People often say they are dying to buy or sell a home, but what happens when one of the parties to a transaction actually dies before closing? Or what if someone previously died in the home and is believed to be haunting it?

Real estate license holders should not give legal advice to their clients when a death occurs, but instead recommend they consult an attorney. However, an understanding of the legal ramifications can help license holders prepare themselves and their clients for the situation’s practical implications.

Did Someone Die Here?

A question that comes up more often lately is, does the seller or agent have to disclose if someone died of COVID-19 in a house that is being listed for sale?

Under Texas law, a seller or seller’s agent has no duty to disclose a death from natural causes, suicide, or an accident unrelated to the property’s condition (Texas Property Code 5008[c]). Death from COVID-19 falls under natural causes and does not have to be disclosed. Whether or not it
should be disclosed is a question that will be addressed shortly.

What types of death must be disclosed? A murder that occurred in the home, if known to the seller, must be disclosed. This includes a murder that predates the seller’s possession of the property if the seller is aware of it. Also, a death caused by the property’s condition, even if the death was accidental and even if the condition that caused the death was subsequently remedied. Both of these types of deaths are considered material information that a prospective buyer would want to know.

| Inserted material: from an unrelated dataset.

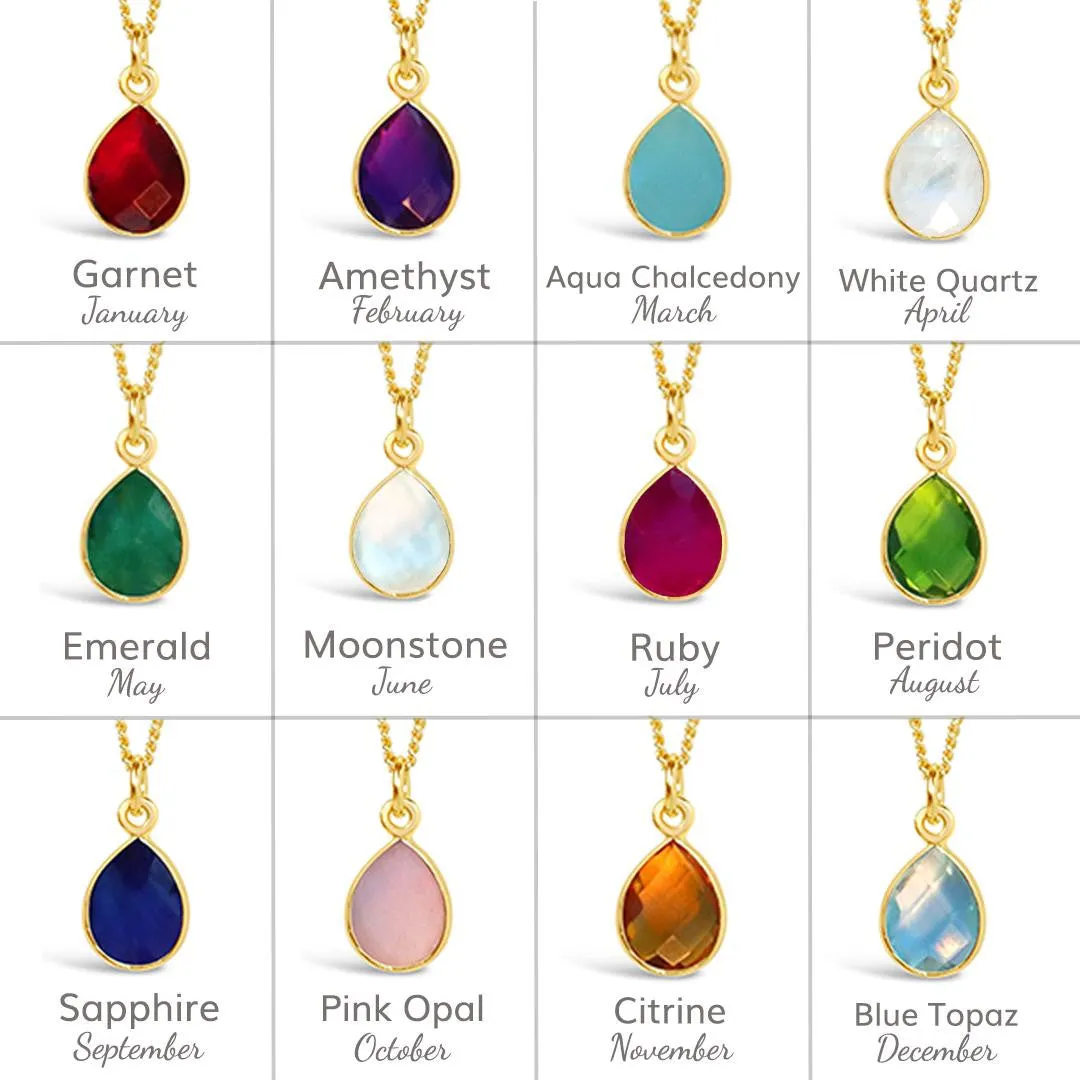 Moonstone Charm Necklace | Gold | June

Buyers, Sellers, and ‘Haunted Houses’

What if the seller thinks the house is haunted by a previous resident who committed suicide? Suicide is not required to be disclosed, and paranormal activity is not mentioned in the statute, so the seller is not required to disclose either. What if the seller believes a “demon” caused a death on the property? Does the seller need to disclose this? Under the plain reading of the statute, it should be disclosed because the death was not from “natural causes, suicide, or accident unrelated to the condition of the property.”

Before concluding that this is far-fetched or the result of the author having watched
Poltergeist a few too many times, consider the following statistics from YouGov.com:

  • 45 percent of Americans believe ghosts and demons exist.
  • 43 percent of U.S. adults think ghosts can haunt people or places.
  • 36 percent of Americans say they have personally felt the presence of a spirit or ghost.
  • 13 percent of Americans say they have communicated directly with a ghost or spirit.

These statistics suggest that, for about half of the population, the decision to purchase a property could be impacted by perceived paranormal activity on that property. No one wants to stigmatize a property when selling it, but if a death occurred on the property, disclosing the death is the best practice, whether the seller is legally required to do so or not. Neighbors will be more than happy to fill the new owner in on the details after they buy it, so full disclosure upfront can prevent future litigation and negative reviews of the brokerage.

One more thing. What happens if the seller and agent do not disclose a death upfront because they are not legally required to do so, but a potential buyer specifically asks if there have been any deaths (or ghosts, for that matter) on the property? The seller must disclose it, or he will be misrepresenting information that the buyer considers material. The agent must also disclose it if known to the agent (TREC Rule 531.2).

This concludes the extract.